* Material for this task:
————
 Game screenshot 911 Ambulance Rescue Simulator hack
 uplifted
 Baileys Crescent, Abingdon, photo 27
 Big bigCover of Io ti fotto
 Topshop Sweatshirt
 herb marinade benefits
————
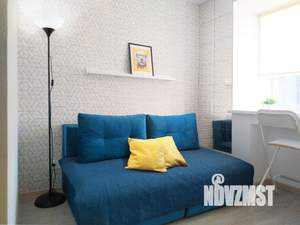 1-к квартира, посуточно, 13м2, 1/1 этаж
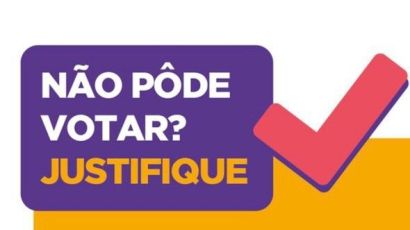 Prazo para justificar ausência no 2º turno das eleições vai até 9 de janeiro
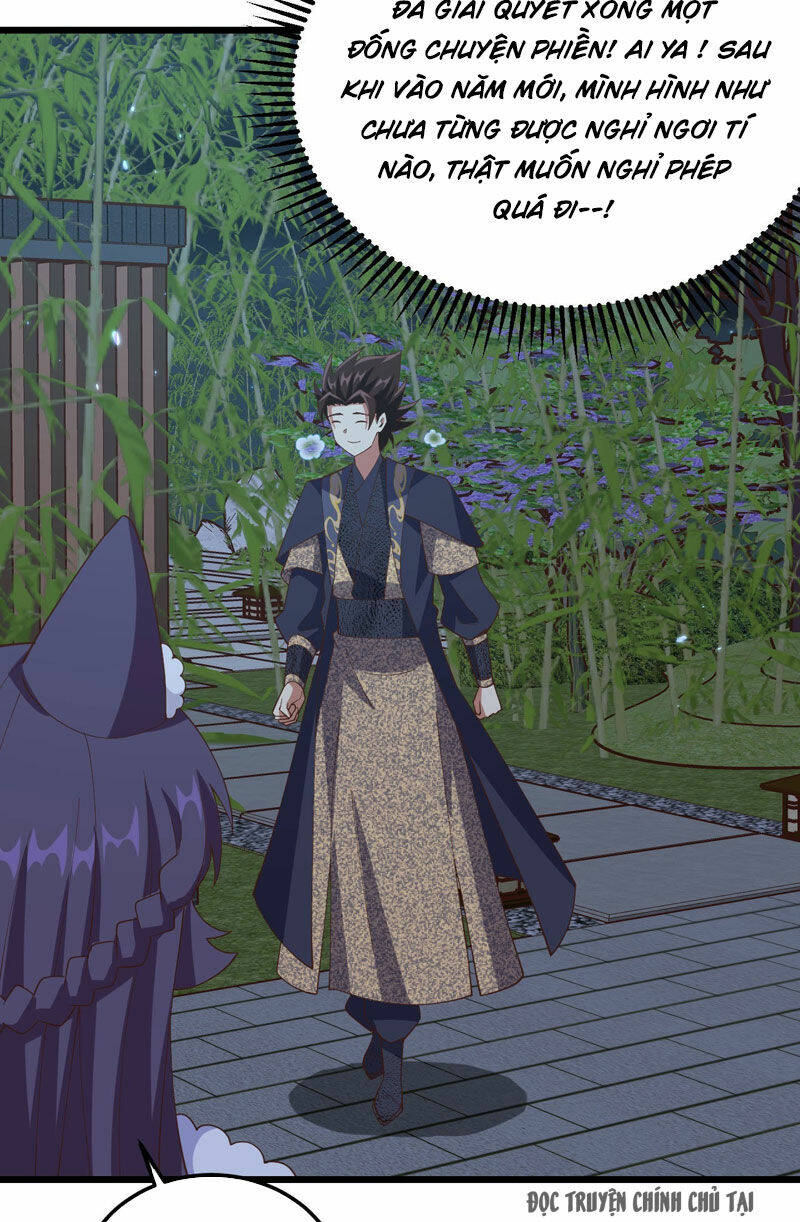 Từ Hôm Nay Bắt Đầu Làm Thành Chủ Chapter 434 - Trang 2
————
* Exercise goal:
Looking back over the data above, restate word for word the lines that begin at the line with "Game screenshot 911" and end at the line with "herb marinade benefits", inclusive.

* Exercise response:
 Game screenshot 911 Ambulance Rescue Simulator hack
 uplifted
 Baileys Crescent, Abingdon, photo 27
 Big bigCover of Io ti fotto
 Topshop Sweatshirt
 herb marinade benefits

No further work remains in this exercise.